In contrast, the (take lst n) procedure takes the first n elements of lst, dropping all remaining elements.

> (take (list "a" "b" "c" "d" "e") 1)
'("a")
> (take (list "a" "b" "c" "d" "e") 2)
'("a" "b")
> (take (list "a" "b" "c" "d" "e") 3)
'("a" "b" "c")
> (take (list "a" "b" "c" "d" "e") 4)
'("a" "b" "c" "d")
> (take (list "a" "b" "c" "d" "e") 6)
. . take: contract violation
  expected: a list with at least 6 elements
  given: '("a" "b" "c" "d" "e")

cadr and company: Combining car and cdr

To reduce the amount of typing necessary for the programmer, many implementations of Scheme provide procedures that combine car and cdr in various ways. These procedures begin with the letter “c”, end with the letter “r” and have a sequence of “a”’s and “d”’s in the middle to indicate the sequence of calls to car (for an “a”) or cdr (for a “d”). For example, cadr computes the car of the cdr of a list (the second element), cddr computes the cdr of the cdr of a list (all but the first two elements), and caar computes the car of the car of a list (applicable only to nested lists).
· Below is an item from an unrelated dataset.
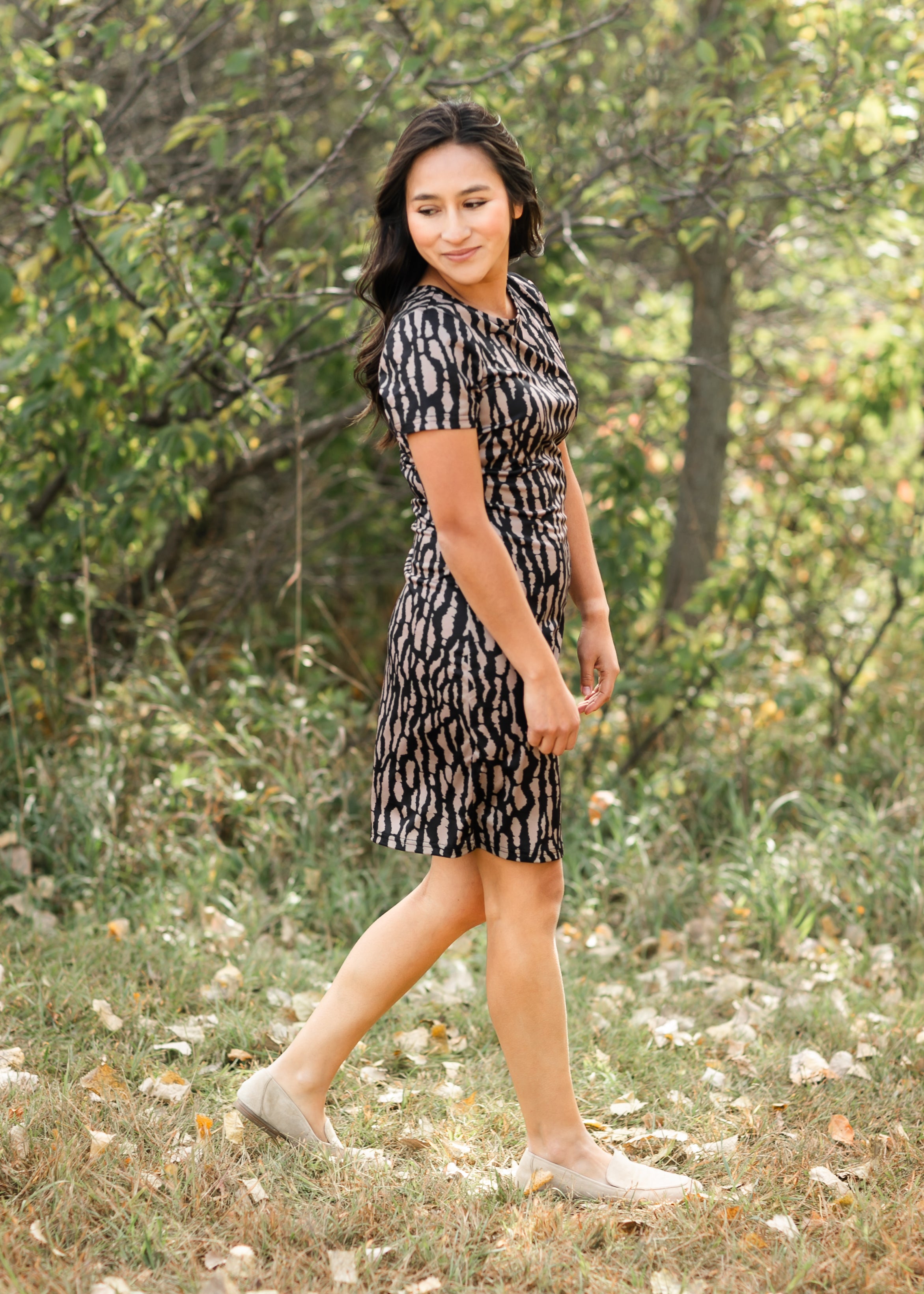 Annabella Shift Midi Dress - Product image 7 IC Dresses by Inherit Co.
> (define rainbow (list "red" "orange" "yellow" "green" "blue" "indigo" "violet"))
> (cadr rainbow)
"orange"
> (cddr rainbow)
'("yellow" "green" "blue" "indigo" "violet")
> (caddr rainbow)
"yellow"
> (cdddr rainbow)
'("green" "blue" "indigo" "violet")

In working with the c*r procedures, we find it easiest to read them from right to left (as if often the case in Scheme) and to treat d as “drop” and a as “access”. So, for example cdddr means “drop three elements” and cadddr means drp three elements and then access the first element”.
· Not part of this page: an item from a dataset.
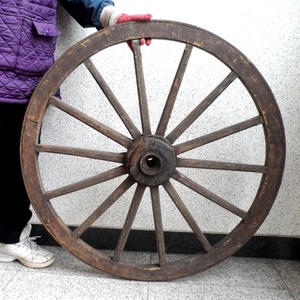 옛날 수레바퀴(92cm)1호/마차바퀴/나무바퀴/바퀴/상점인테리어/엔틱소품/정원용품/수레바퀴/나무바퀴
Summary of new list procedures

null Standard list constant.
The empty list.
(cons value lst) Standard list procedure.
Create a new list by prepending value to the front of lst.
(cdr lst) Standard list procedure.
Get a list the same as lst but without the first element.
(car lst) Standard list procedure.
Get the first element of lst.
(null? lst) Standard list predicate.
Checks if lst is the empty list.
(list-ref lst n) Standard list procedure.
Get the nth element of lst. Note that elements are numbered starting at 0.
(length lst) Standard list procedure.
Return the number of elements of list lst.
(append lst_0 lst_1 ... lst_n) Standard list procedure.
Create a new list by concatenating the elements of lst_0, lst_1, … lst_n.
(index-of lst val) Standard list procedure.
Find the index of val in lst. If val does not appear in lst, returns false (#f).
(indexes-of lst val) Standard list procedure.
Find all the indices of val in lst. If val does not appear in lst, returns the empty list.
(drop lst n) Standard list procedure.
Remove the first n elements of lst.
(take lst n) Standard list procedure.
Grab the first n elements of lst.
(caar lst) Standard list procedure.
If lst’s first element is a list, gets the first element of that first element, the the car of the car of lst. If lst is not a list, or its first element is not a list, reports an error.
(cadr lst) Standard list procedure.
Get the second element of lst, the car of the cdr of lst
(cddr lst) Standard list procedure.
Get all but the first two elements of lst, the cdr of the cdr of lst
(caddr lst) Standard list procedure.
Get the third element of lst, the car of the cdr of the cdr of lst.

Self Checks

Check 1: List procedures (‡)

Predict the results of evaluating the following expressions.

(cons 2 null)
(cons 1 (cons 2 null))
(cons 5 (list 1 2))
(caddr (range 7))
(list-ref 2 (range 7))
(append (range 2) (range 2))
(list (range 2) (range 2))
(append (range 2) null)
(list (range 2) null)
(cons (range 2) null)

You may verify your predictions using DrRacket, but be sure you understand the results.